(DATA PROVIDED)
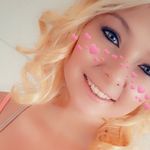 Profile Picture of Amber Raynor (@a.baby97) on Instagram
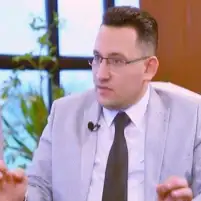 اقتصادي يرصد المكاسب الاقتصادية المحققة من ترفيع العلاقات الدبلوماسية بين مصر وتركيا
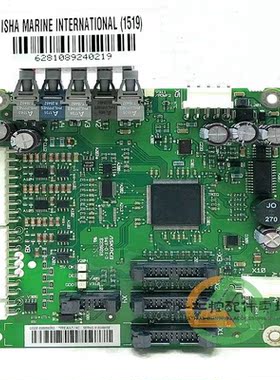 议价B AINT-14C 通信光纤 瑞典 格 B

(DIRECTIONS FOR THIS TASK) Copy out the material exactly as it stands, though no picture should appear in the copy.

(TASK OUTPUT)
 Profile Picture of Amber Raynor (@a.baby97) on Instagram
 اقتصادي يرصد المكاسب الاقتصادية المحققة من ترفيع العلاقات الدبلوماسية بين مصر وتركيا
 议价B AINT-14C 通信光纤 瑞典 格 B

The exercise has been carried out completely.